Voyage commenté de Mulhouse à Belfort par le train et la route en 1947. Alex Schwobthaler passe par Zillisheim, Illfurth, Altkirch, Ballersdorf et Pérouse. Il filme les paysages naturels, l'activité industrielle et agricole, le patrimoine religieux et les monuments relatifs aux trois guerres contre l'Allemagne.

Description


Départ d’un train en gare (le chef de gare siffle). Sur fond de train en marche, apparaissent les cartons suivants :

« Les actualités REX présentent »

« D’une ville à l’autre » (avec deux clochers dessinés) »

« Découpage et prises de vues Alex Schwobthaler »

« Assistant photographique Gil Schwobthaler »

La locomotive filmée en plan rapprochée passe avec le mécanicien à la porte. Les wagons avec les passagers à la fenêtre faisant signe de la main. Les voies à la sortie de Mulhouse.

« Nous longeons le Canal du Rhône au Rhin… »

Le train en perspective filmé par la fenêtre. Le train et son panache de fumée passe en ombre chinoise sur le ciel.

« … et atteignons le Séminaire de Zillisheim, dans son cadre de verdure. »
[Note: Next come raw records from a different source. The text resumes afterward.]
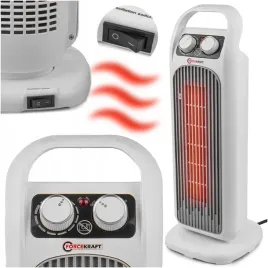 termowentylator-farelka-grzejnik-termostat-elektryczny-mocny-2000w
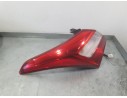 Recambio de piloto trasero izquierdo exterior para hyundai i30 (gd) 1.6 crdi referencia OEM IAM 92401A5020  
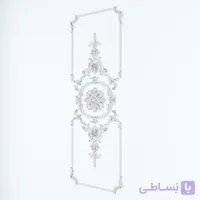 آبجکت قاب GH31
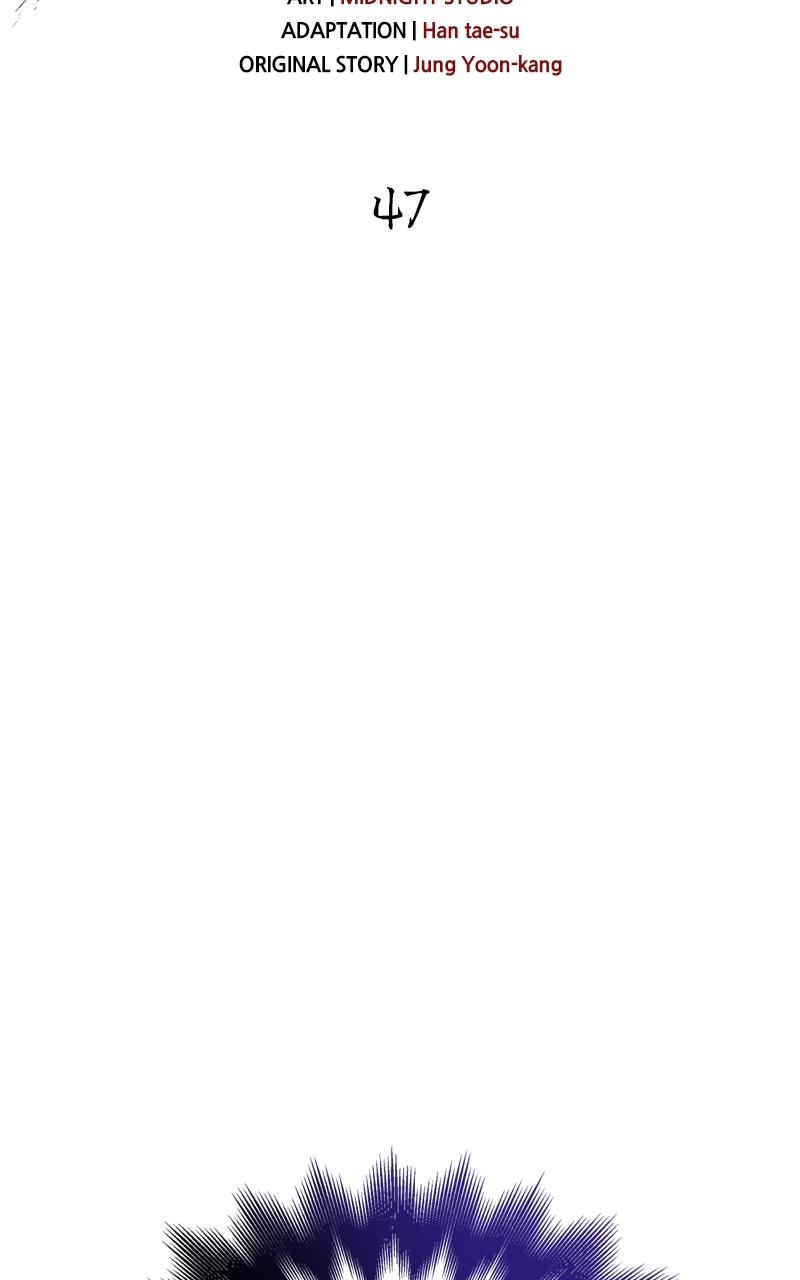 Surviving the Game as a Barbarian Chapter 45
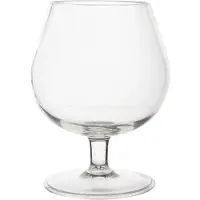 Gimex LIN Gognacglas 2 teilig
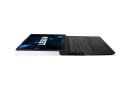 Ноутбук Lenovo Legion 5 15ITH6 (82JK005BPB) - зображення 4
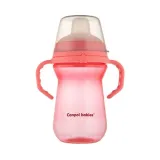 kubek-z-sil-ust-250ml-firstcup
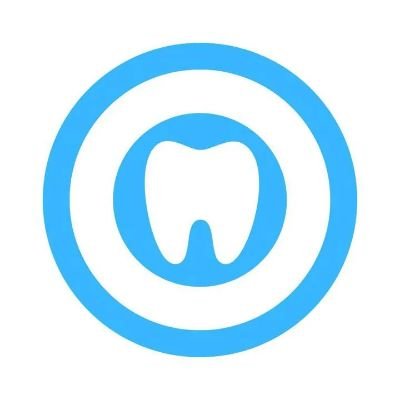 + #1 Rated Teeth Whitening

+ Smile Whiter Today

+ Safe & Effective Products

+ Locations Nationwide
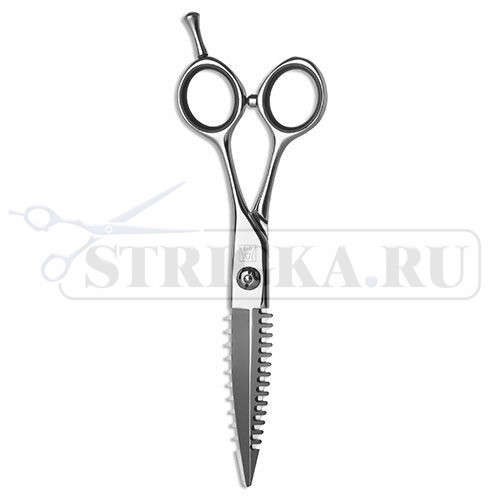 Ножницы прямые Artero T36860 Tsunami Damasc 6"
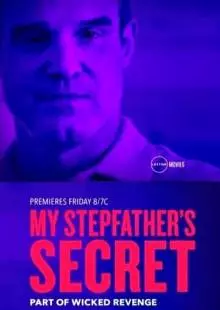 My Stepfather's Secret (2019)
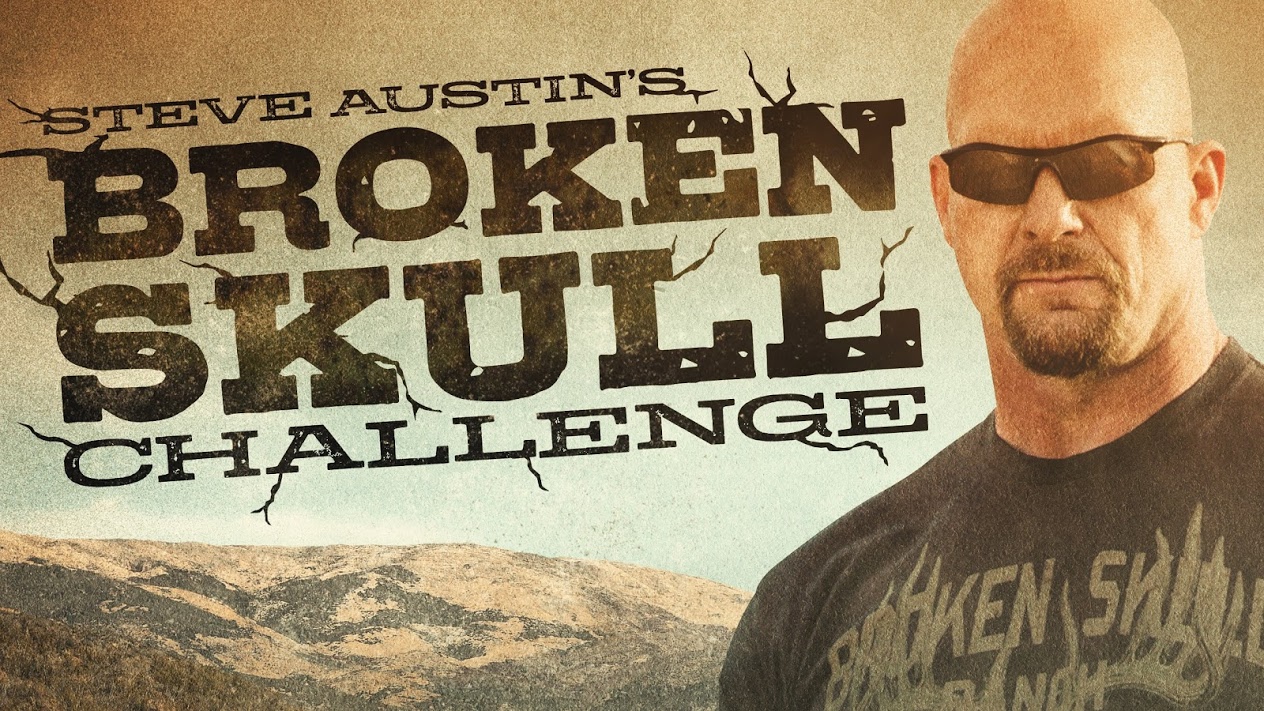 When Does Steve Austin’s Broken Skull Challenge Season 5 Start? Premiere Date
Le séminaire (panoramique rapide vers le haut. Un homme passe en kayak avec un enfant à bord. Des pêcheurs au bord du canal. Des Canards nagent. Une péniche passe. Une barque avec trois jeunes gens. Un tracteur passe sur le chemin de halage. Plan large du canal avec le tracteur, la péniche et le Séminaire. Plan serré sur les portes de l’écluse laissant apsser l’eau. L’éclusière actionne les portes. La péniche "Anerbach" s’avance, filmée en plongée. Gros plan sur l’eau qui monte. La péniche et l’éclusier actionnant les portes. Le train filmé à ras des voies dépasse la caméra sur la droite.

« Plus loin, vers Illfurth, la vieille église du Burn, poétique et solitaire… »

La Chapelle du Burnkirch vue depuis le chemin y menant ; une femme et un homme à bicyclette arrivent de derrière la caméra ; deux femmes se promènent près de l’église, léger recadrage sur la gauche et vers le haut pour capter à la fois le bâtiment et les personnages. Panoramique droit sur la toiture. Plan fixe sur la façade, les deux femmes franchissent la porte ouverte ; panoramique gauche vers le clocher. Le train filmé en contre-plongée à ras des voies dépasse la caméra sur la gauche. À ras des voies, les wagons passent vers la droite de l’écran. Reflet d’un bovin dans l’eau, plan de bovins dans un pré.

« Et partout l’Ill, sinueuse et cristalline, reflète les chromes de ce coin de France. »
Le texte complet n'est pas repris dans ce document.